Portal de Periódicos da CAPES

VDSimilar: Vulnerability detection based on code similarity of vulnerabilities and patches

2021; Elsevier BV; Volume: 110; Linguagem: Inglês

10.1016/j.cose.2021.102417

1872-6208

Hao Sun, Lei Cui, Lun Li, Zhenquan Ding, Zhiyu Hao, Jiancong Cui, Peng Liu,

Web Application Security Vulnerabilities

Vulnerability detection using machine learning is a hot topic in improving software security.
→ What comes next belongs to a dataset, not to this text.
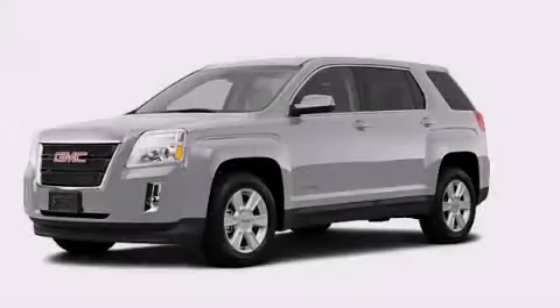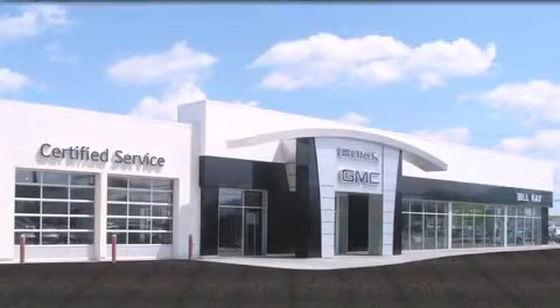The heated seats can warm you up in seconds, keeping you and your passengers comfortable the whole trip. Call or visit us right now and arrange your test drive today. Come see how little you pay when you buy from Bill K.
However, existing works formulate detection as a classification problem, which requires a large set of labelled data while capturing semantical and syntactic similarity. In this work, we argue that similarity in the view of vulnerability is the key in detecting vulnerabilities. We prepare a relatively smaller data set composed of both vulnerabilities and associated patches, and attempt to realize security similarity from (i) the similarity between pair of vulnerabilities and (ii) the difference between a pair of vulnerability and patch. To achieve this, we setup the detection model using the Siamese network cooperated with BiLSTM and Attention to deal with source code, Attention network to improve the detection accuracy. On a data set of 876 vulnerabilities and patches of OpenSSL and Linux, the proposed model (VDSimilar) achieves about 97.17% in AUC value of OpenSSL (where the Attention network contributes 1.21% than BiLSTM in Siamese), which is more outstanding than the most advanced methods based on deep learning.